Brzescy WOPR-owcy nie odpuszczają i wznawiają poszukiwania Jarosława Jęczalka. Dziś (1.02), około godz. 10:30 czteroosobowa grupa wypłynęła w celu sprawdzenia koryta i kanału Odry.
Przypomnijmy, 23 stycznia około godz. 18:40 do służb ratunkowych dotarło zgłoszenie o zaginięciu mężczyzny, który wspólnie z kolegami przebywał w okolicach jazu na kanale Odry w Zwanowicach. Kilkudniowe poszukiwania przez nurków i specjalistyczny sprzęt strażacki nie przyniosły efektu (pisaliśmy o tym zdarzeniu TUTAJ).
Policja kontynuuje standardowe poszukiwania na lądzie. Po czterodniowych pracach strażaków na wodzie, akcja została zakończona ale brzeska grupa WOPR, postanowiła ją kontynuować.

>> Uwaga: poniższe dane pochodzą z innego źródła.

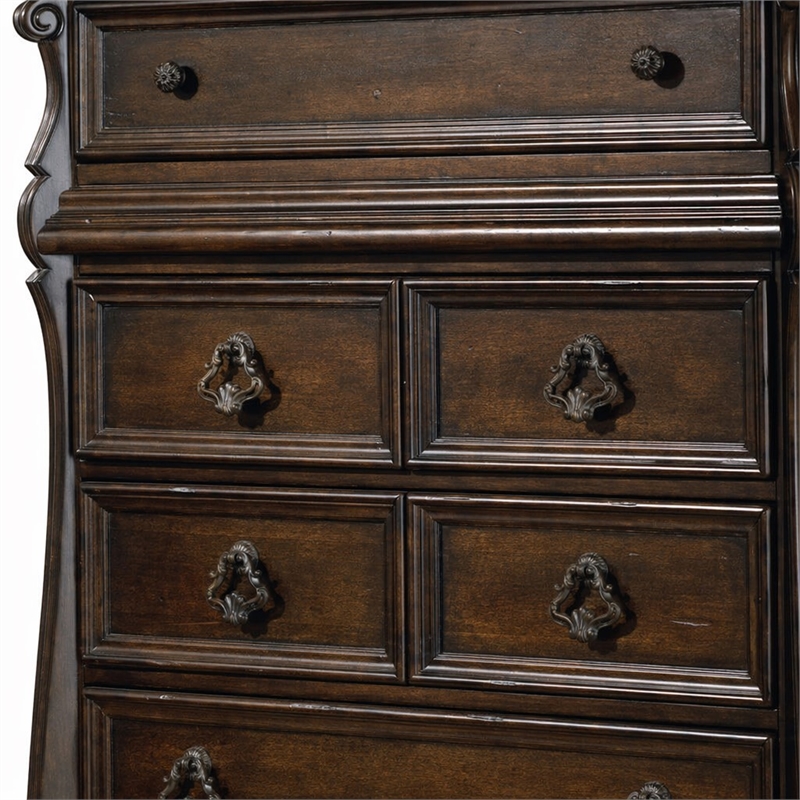 Pemberly Row 6 Drawer Chest with Shaped Pilasters in Brownstone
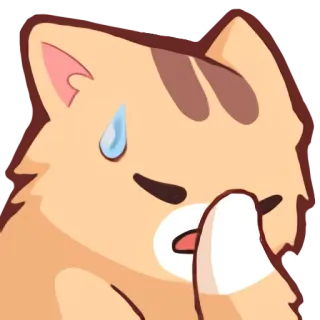 🤦 gato, sticker, triste, llorando, anime, dibujos animados, animal telegram sticker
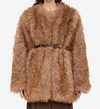 SEA FIFI FAUX FUR JACKET IN CAMEL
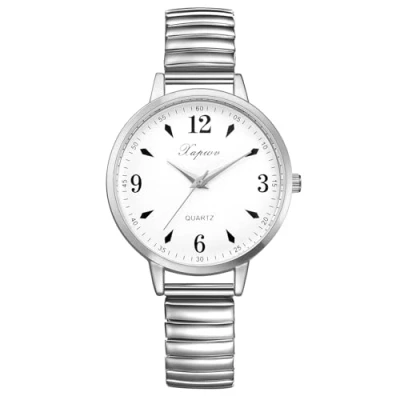 Image of JewelryWe Elastic Watches for Women: Easy Reader Analog Big Dial Round Quartz Wristwatch Xmas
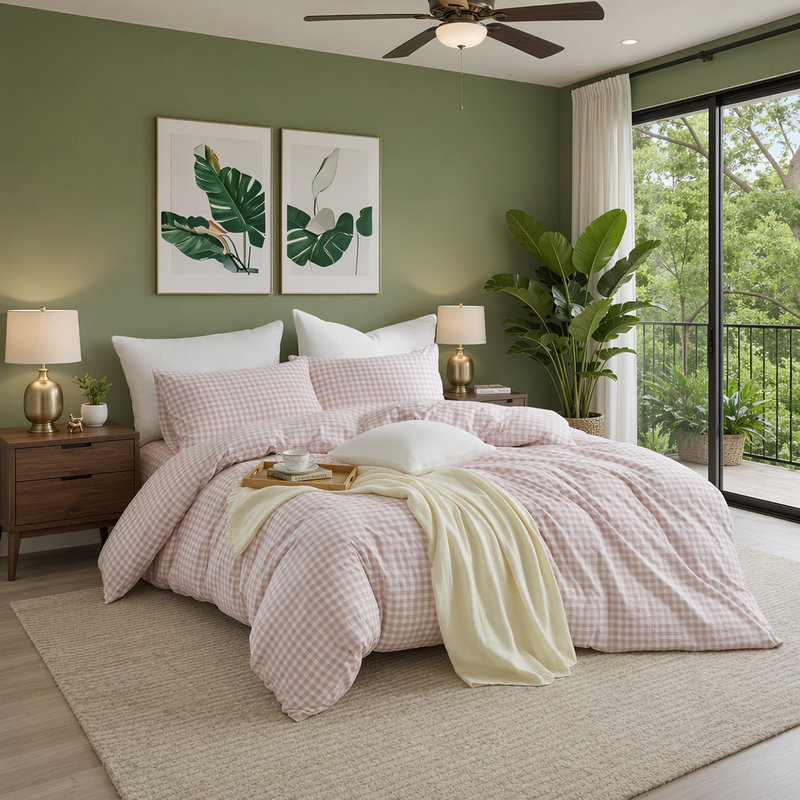 Ensemble de housse de couette 100% coton lavé Vichy, King Duvet Cover + 2 Pillowcases, Greyish Pink/White Gingham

– Chcemy być spokojniejsi dlatego postanowiliśmy sprawdzić przybrzeżne tereny koryta Odry i jeszcze raz kanał rzeki w Zwanowicach – mówi Janusz Głowik, szef brzeskiego WOPR-u. Szybko ucina nasze spekulacje o warunkach pogodowych – Nam nie przeszkadzają. Składaliśmy przyrzeczenie i będziemy pomagać bez względu na porę dnia czy porę roku.
Dzisiejsze poszukiwania zostały zainicjowane przez samych ochotników.